Até ali, a vida era jogar bola com os moleques, shorts sem camiseta, como eles.
"Eu não vou com essa roupa. Não vou mesmo", Léo respondeu. "É o uniforme da escola e você é uma menina", a mãe eletrocutou. Lá se foi o garoto esquisito, vestido de menina (chorando como uma?), ser vítima de bullying.
Da sua cidade natal, Léo se lembra de uma noite de 1967, quando o céu de São Simão iluminou-se inteiro. Um meteoro? Satélite desabando? ETs? A família de Léo nunca soube. Foi para São Paulo.

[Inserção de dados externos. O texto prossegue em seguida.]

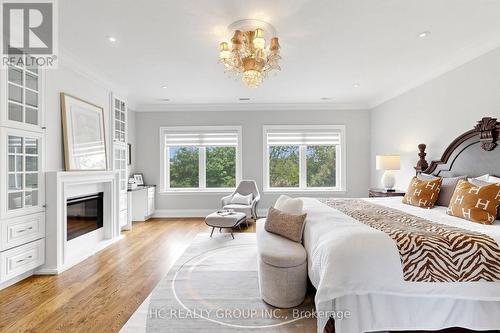 19 Michigan Drive, Toronto, ON - Indoor Photo Showing Bedroom With Fireplace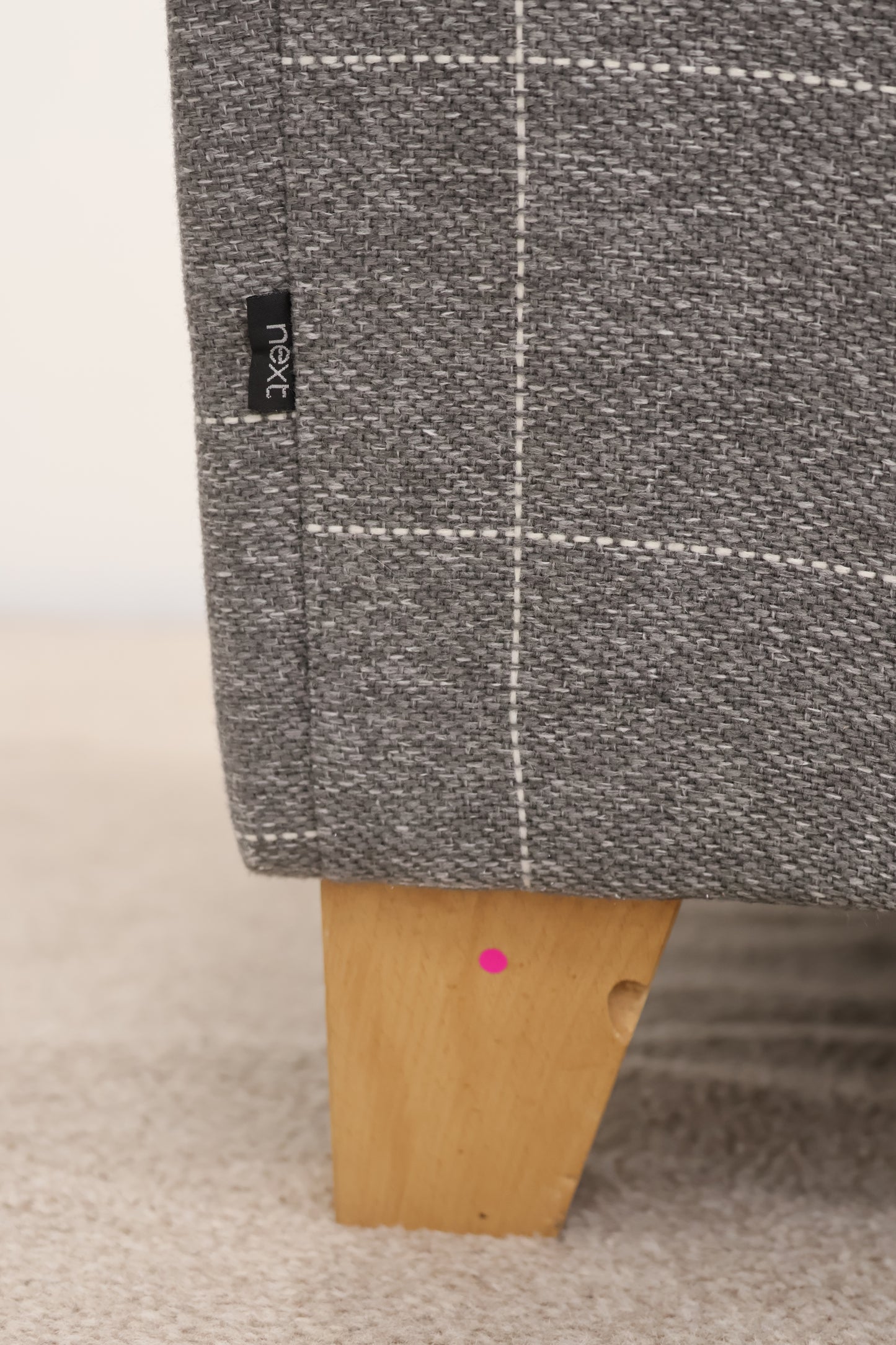 'Tweedy Check' Sofa by Next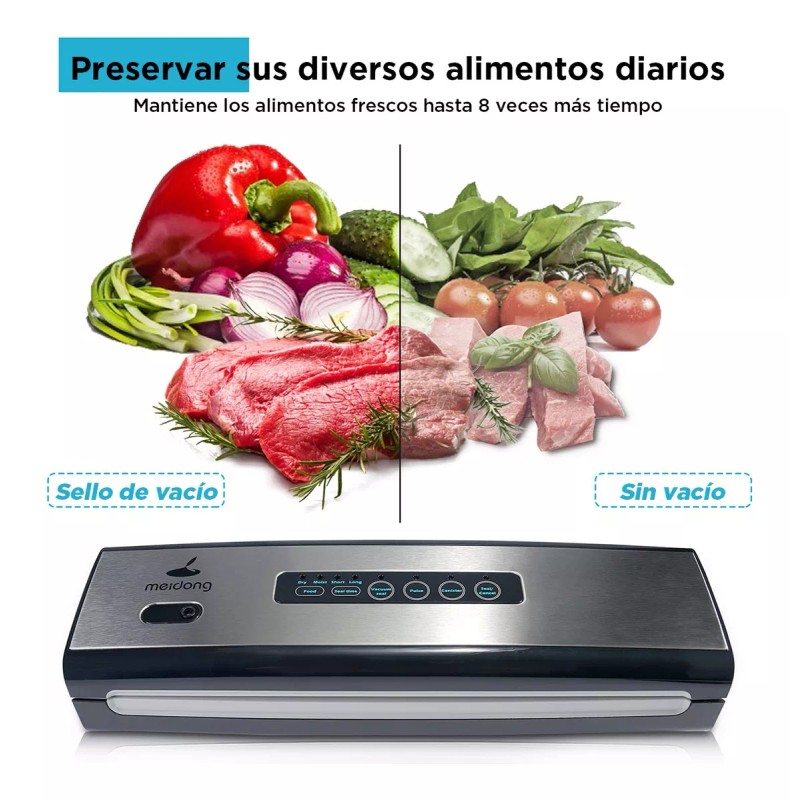 Meidong Empacadora Al Vacío Selladora Máquina Selladora Al Vacío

Com 13 anos, o menino em pele de menina estava em desespero. Tanto, que teve o primeiro surto -tratado com o tranquilizante Valium.
A redenção foi a aprovação no vestibular para ciências sociais na USP. Virou feminista militando em uma organização de esquerda radical -ainda se considera assim.
Logo depois, ingressou na festejada banda punk As Mercenárias, até hoje cultuada como um dos melhores grupos de punk e pós-punk feminino do planeta. "Ali eu voltei a viver", diz Léo.
O grande amor apareceu em 1995. E não foi por uma mulher, mas sim pela travesti Gabriella Bionda. Os dois chegaram a se casar no civil (no registro, ele aparece como Lourdes e ela com seu nome masculino).

CURSO DE NOIVOS
Eles tentaram casar no religioso também. Um vestiu as roupas do outro e apresentaram-se como um casal heterossexual ortodoxo na tradicionalíssima igreja Nossa Senhora do Brasil, no Jardim Europa. "Queremos fazer o curso de noivos", pediram. O padre apitou o impedimento.
Em 2004, Léo foi preso em flagrante por tráfico de drogas. Tinha se transformado numa espécie de rei do ecstasy da noite paulistana. Gabriella, para não dançar, foi morar na Europa.
Cinco anos Léo passou no circuito das cadeias de mulheres. Perdeu tudo. Foi onde assumiu, de vez, sua inadequação ao corpo feminino.
Há dois anos e meio, saiu da cana e virou ator dos Satyros. Vive em um mini-apê no Bexiga e faz curso para se tornar iluminador de teatro. Das drogas, Léo está fora.
Toma testosterona para adquirir caracteres masculinos. Barba já tem. Há dois meses, colocou prótese no maxilar, para deixá-lo mais quadrado. Faz academia diariamente.
No dia da apresentação do projeto Lou-Léo, apresentou-se saradão, graças a um peitoral comprado por R$ 10 na rua 25 de Março.
Na verdade, era a parte frontal de um manequim, desses de loja, que ele recortou e colocou tampando os peitos de mulher que ainda tem.
"Sou um homem?", perguntou, provocativo. E ele mesmo emendou: "Não. Nem mulher, nem homem, nem transexual. Sou pós-gênero. Não sou uma resposta. Eu sou uma pergunta". Sacou?